Комнаты были очень невелики – сажени две длины и столько же, или немного меньше, ширины, Конечно, сени и нарочно строившиеся для пиров палаты были больше, занимая в длину иногда пять или шесть сажен. Средняя высота покоев была до четырех аршин, редко выше.
Крыши домов были деревянные, тесовые или из драни, иногда покрывали их берестой и даже дерном в защиту от пожара. Форма крыши обыкновенно была скатная на две стороны, с треугольными фронтонами на две другие стороны. У домов людей богатых крыши были самой затейливой формы: бочкой, япанчей, т. е. плащом, и т. п. По краю крыши шел резной карниз. Окна и линии фасада украшали резьбой, изображавшей «травы», зубцы, животных, петушков, сердечки, треугольники и т. п. Резные фигуры наводились золотом и красками. Особо тщательно украшали чердаки.
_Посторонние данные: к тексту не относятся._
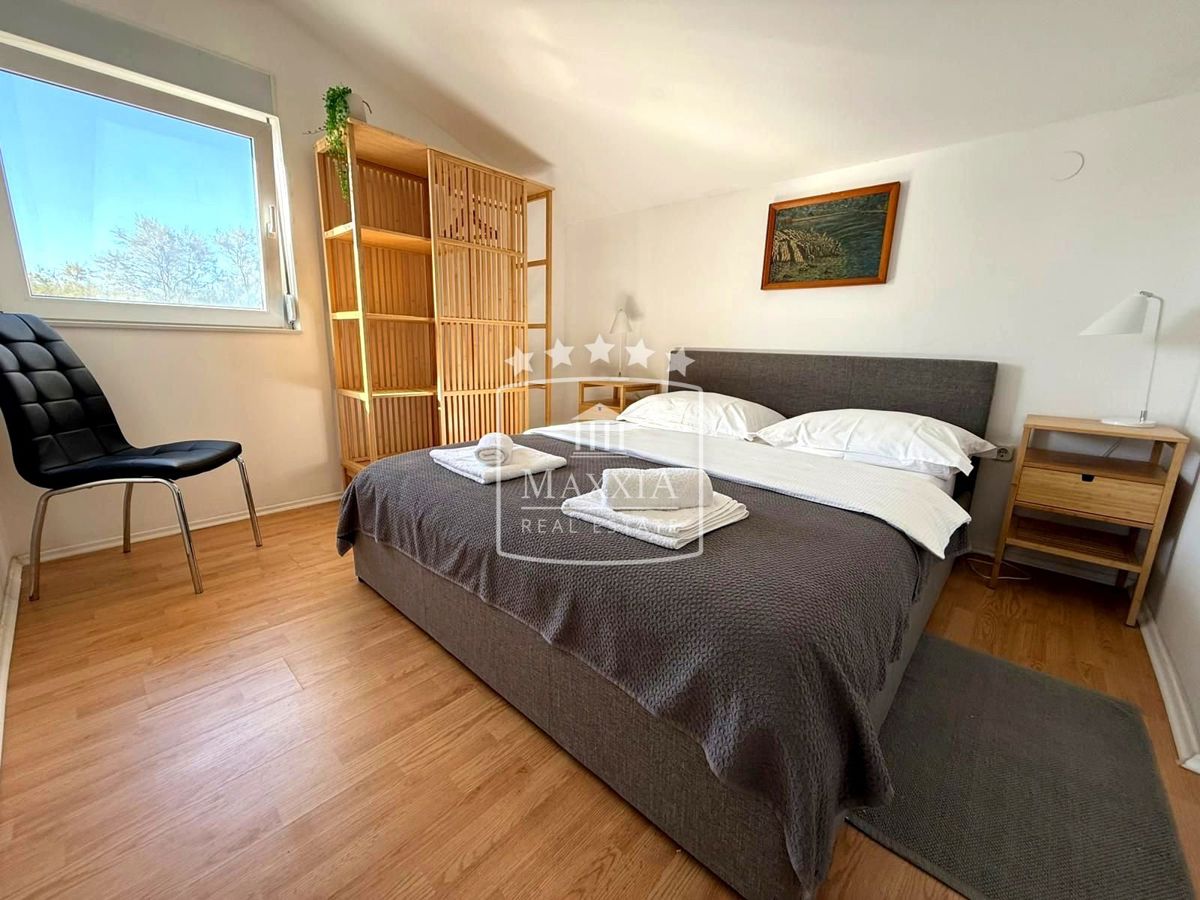 Casa Posedarje, 192m2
В простых избах окна были волоковые для пропуска дыма; для тепла на оконницы их натягивали пузырь или кожу; окна были малы и узки. В зажиточных домах окна делались и побольше; такие окна назывались красными, или косящатыми; к вечеру окна заставляли изнутри особыми втулками, обитыми сукном или войлоком, а снаружи затворяли пестро расписанными разными ставнями. Вместо стекол, вплоть до последних годов XVII века, в большом ходу была слюда, большие и мелкие куски которой вставляли в раму окна, красиво чередуя их и составляя замысловатый узор. Слюду расписывали красками, изображая фигуры зверей, птиц, травы. Располагались окна неравномерно в разных комнатах и были разной формы – и четырехугольные, и дугой, и с тремя дугами наверху, даже круглые.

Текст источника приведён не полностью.